Hello Steenstn, I'll be the teaching assistant handling your lesson 5 critique.

Starting with your organic intersections I'm happy to see you drawing through your forms here, as this helps to reinforce your understanding of 3D space. You're doing a good job of making your forms slump and sag around each other with a sense of gravity.

You're projecting your shadows far enough to cast onto the form below, but you're also drawing form shadows, which we don't include for this exercise. I've highlighted the form shadows you drew in red on one of your pages here. If you're not sure what the difference between a form shadow and a cast shadow is, I recommend re watching this video from lesson 2 that explains that cast shadows occur when a form blocks the light. The key thing here is that where form shading occurs on the form in question itself, cast shadows are projected onto another surface.

On a more nit picky note, I think the shadow cast by the large form at the bottom of your stack is incomplete. I've made a suggested expansion for it here

This exercise yields more benefits in terms of giving you spatial reasoning problems to solve if you make your forms roughly equal in size, rather than the big momma and her babies arrangement you have on your pages.

Moving on to your animal constructions I can see some really good 3D thinking going on in your work, but I do have a lot of points to cover to help you progress further.

The first is a reminder of the rule that was introduced during your lesson 4 critique: once you've put a form down on the page, do not attempt to alter its silhouette. Specifically, I explained that for organic constructions we'd like you to to make any modifications through addition in 3D as shown in this diagram. I've highlighted in red on your elephant where you worked subtractively, drawing a box, then drawing the trunk inside that box. While it's entirely possible to do this correctly in 3D space, I'm advising students not to work subtractively at all when building up organic structures within this course, just because students tend to be prone to doing it wrong without realising, and then reinforcing 2D thinking instead. Sticking to working additively in 3D space will on the other hand be a lot harder to do wrong (as long as you're somewhat mindful of what you're doing), and will ultimately reinforce that 3D thinking and eventually help you subtract more effectively as well.

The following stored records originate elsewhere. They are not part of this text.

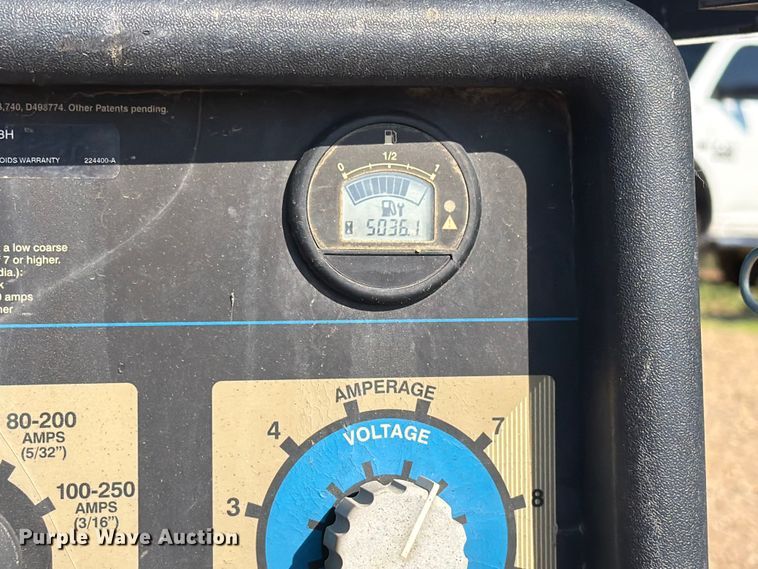 image for item DQ0036 2009 Miller Bobcat 250 welder/generator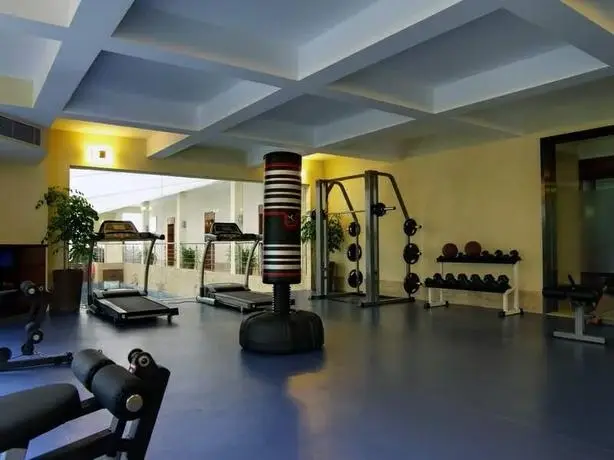 Шэньчжэнь: Shenzhen Marina Club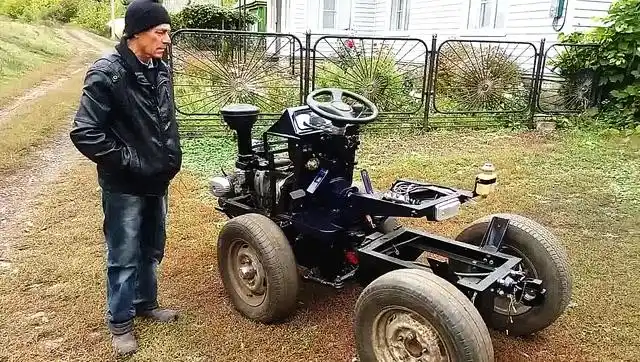 俄罗斯牛人改造能力太强了,自制四轮小车,动力堪比专业拖拉机!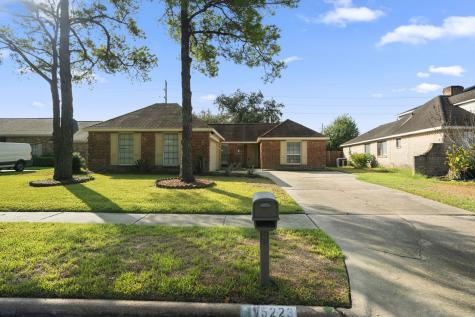 15223 Rio Plaza Drive Houston TX 77083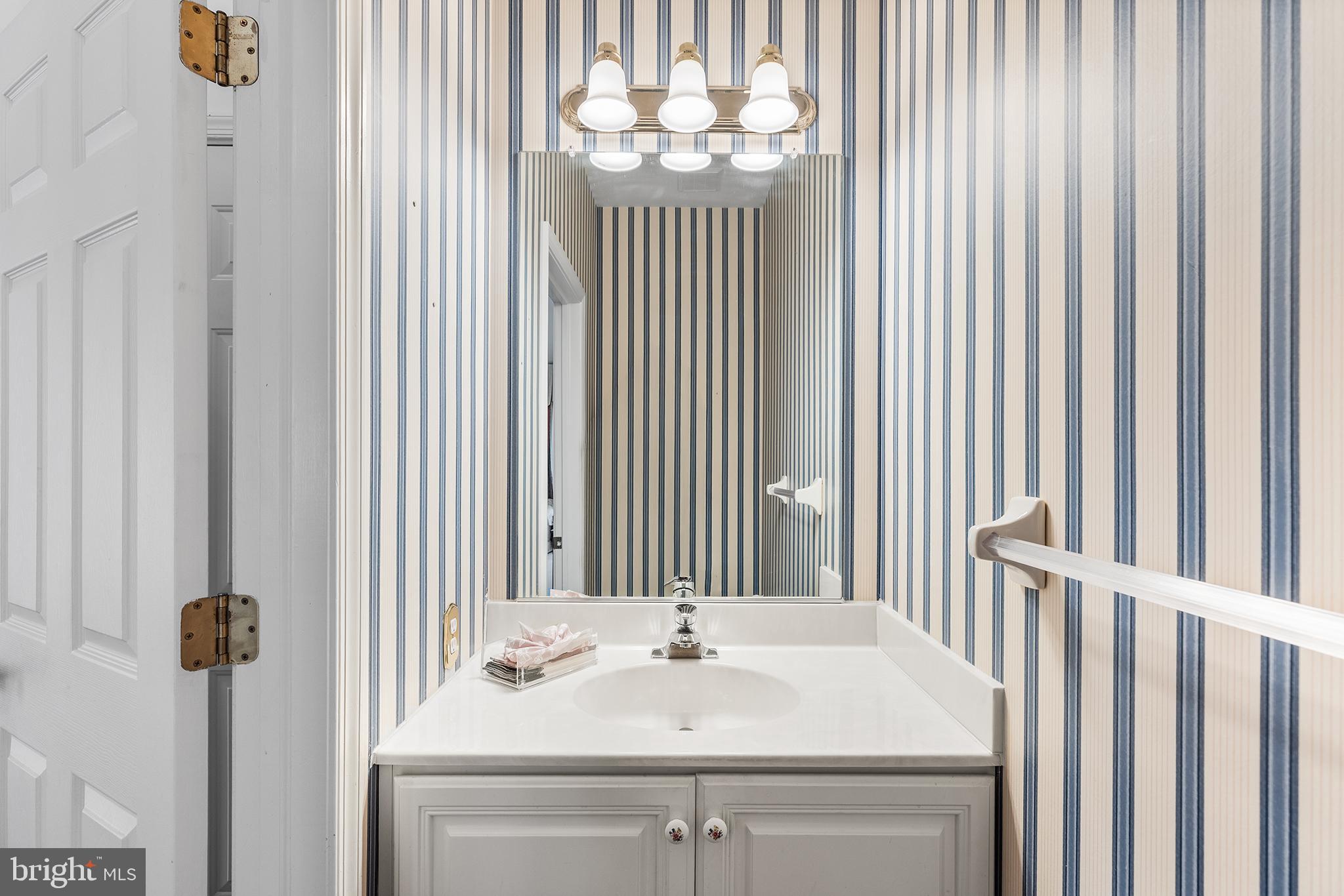 FOX HILL FARM - Residential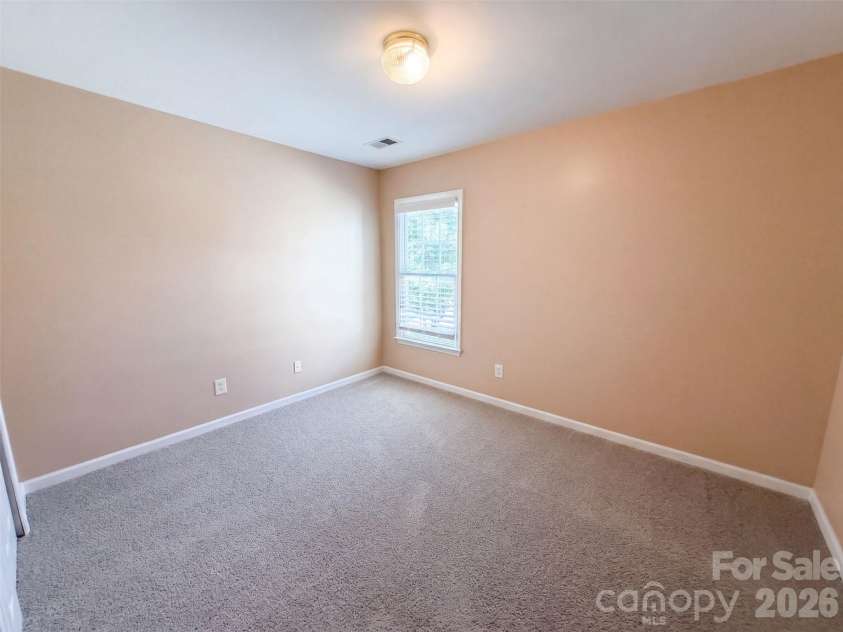 3106 Arklow Road, Charlotte, NC 28269.  MLS# CAR4415910, YatesRealty ID 45150. 
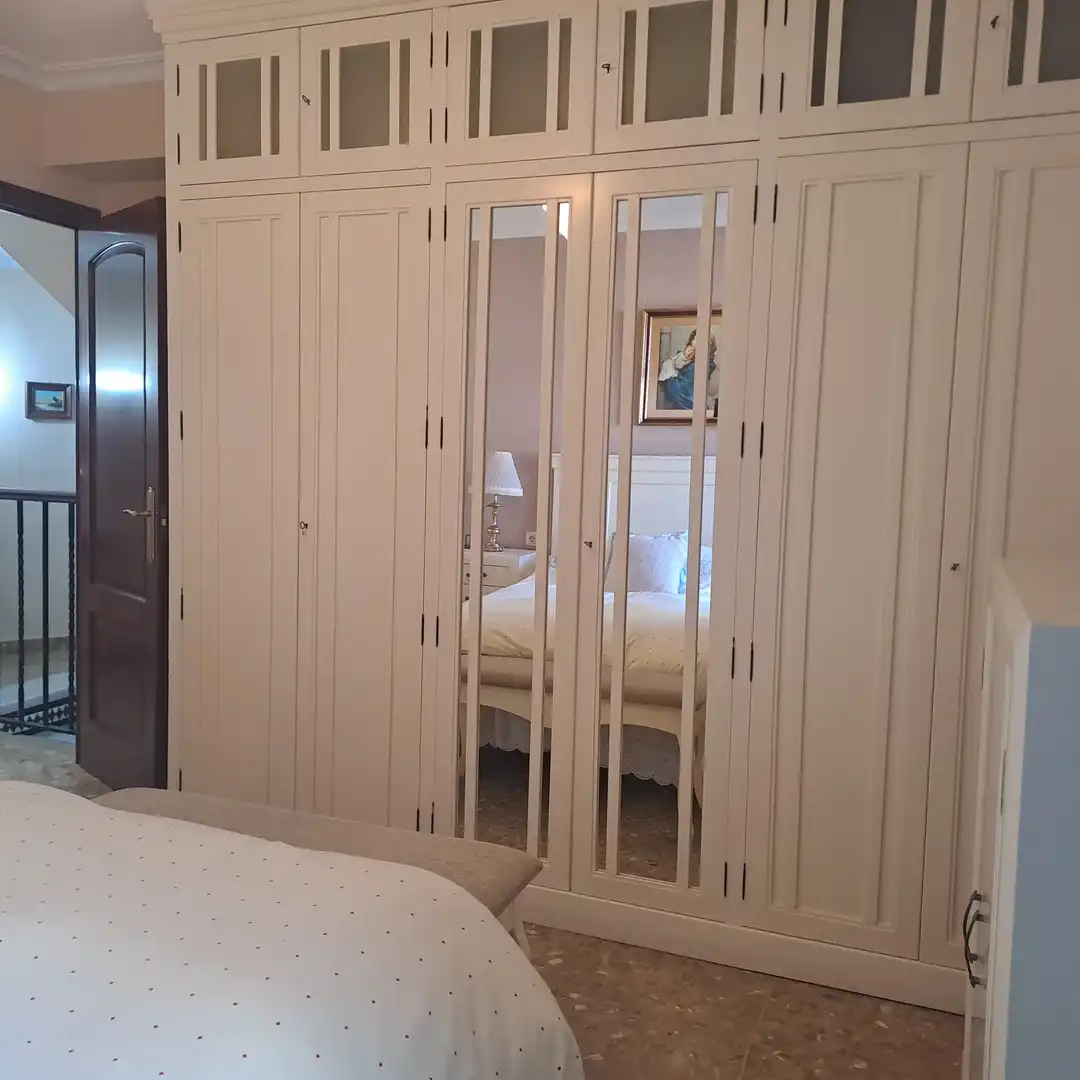 Dormitori de Casa adosada en venda en Dos Hermanas amb Aire condicionat, Traster i Piscina comunitària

There are also a few places where you're extending your constructions with one-off lines instead of complete forms. I've highlighted a couple of them in blue on this cat and again on this horse. On the same image I issued a reminder to draw through your forms, please do this wherever possible, figuring out how the whole form exists in 3D space will help you hone your spatial reasoning skills, try to draw like you have X-ray vision, instead of cutting forms off wherever they pass behind something else.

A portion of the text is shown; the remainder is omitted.